* _Task details_:
Leave the pictures out and quote only the lines from the one with "Вода питьевая Аква" down to the end of the listing below.
----- Input for this task
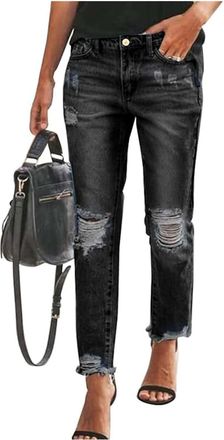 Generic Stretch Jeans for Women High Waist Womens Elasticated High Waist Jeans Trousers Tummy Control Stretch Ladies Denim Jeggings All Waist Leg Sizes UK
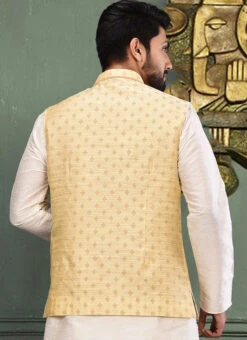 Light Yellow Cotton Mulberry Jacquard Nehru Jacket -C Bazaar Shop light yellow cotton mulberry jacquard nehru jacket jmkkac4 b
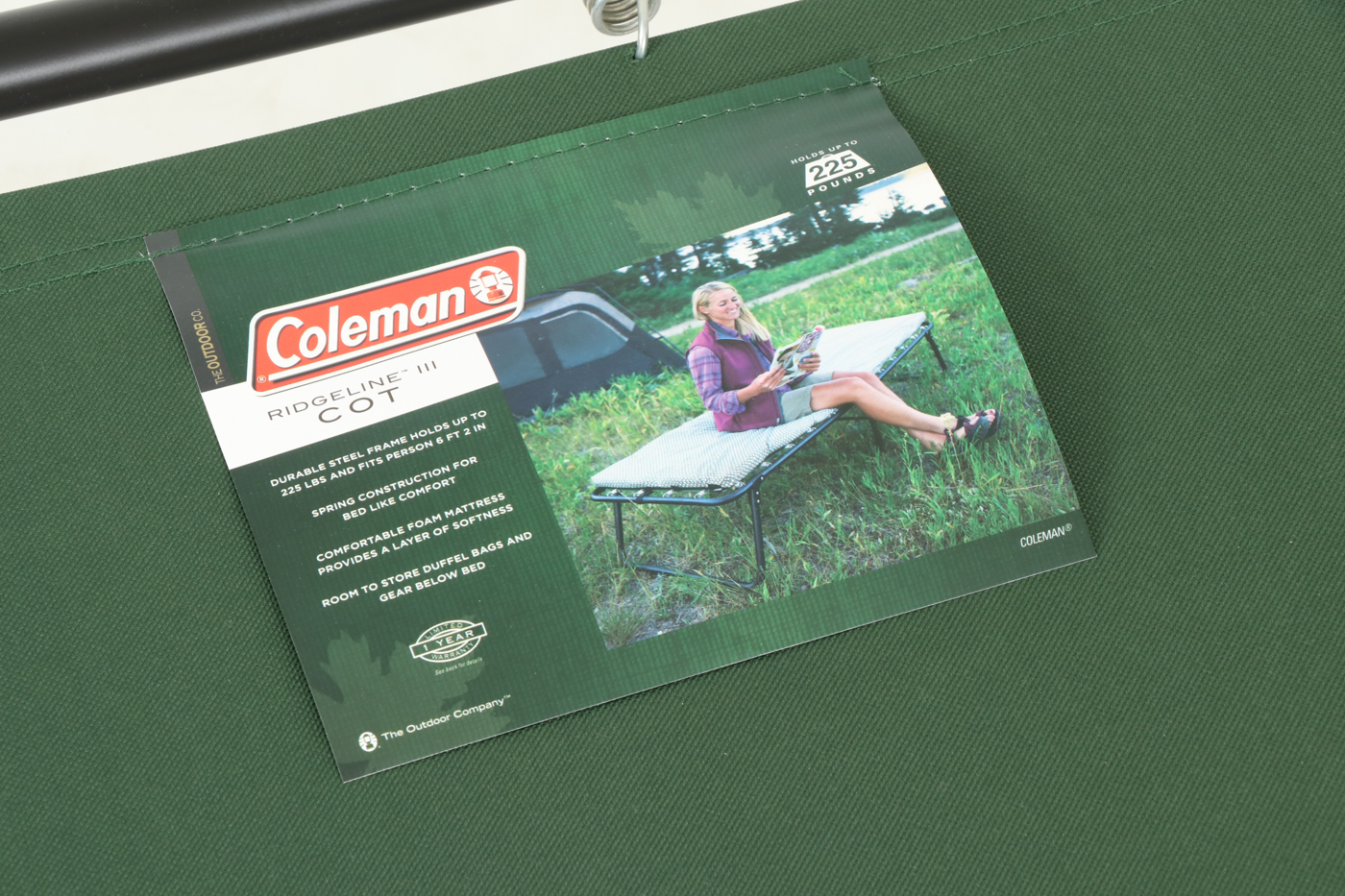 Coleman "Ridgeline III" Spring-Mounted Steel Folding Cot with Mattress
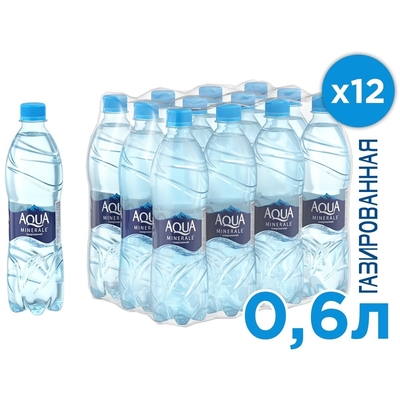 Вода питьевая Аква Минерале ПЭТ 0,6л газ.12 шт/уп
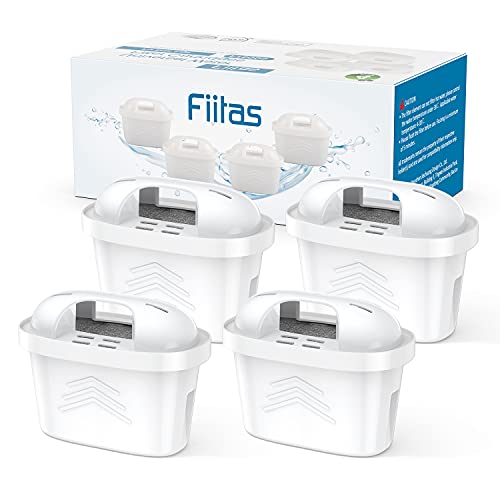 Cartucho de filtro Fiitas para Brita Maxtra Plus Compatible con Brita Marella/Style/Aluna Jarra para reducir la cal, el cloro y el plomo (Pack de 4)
----------
* _Solution below_:
 Вода питьевая Аква Минерале ПЭТ 0,6л газ.12 шт/уп
 Cartucho de filtro Fiitas para Brita Maxtra Plus Compatible con Brita Marella/Style/Aluna Jarra para reducir la cal, el cloro y el plomo (Pack de 4)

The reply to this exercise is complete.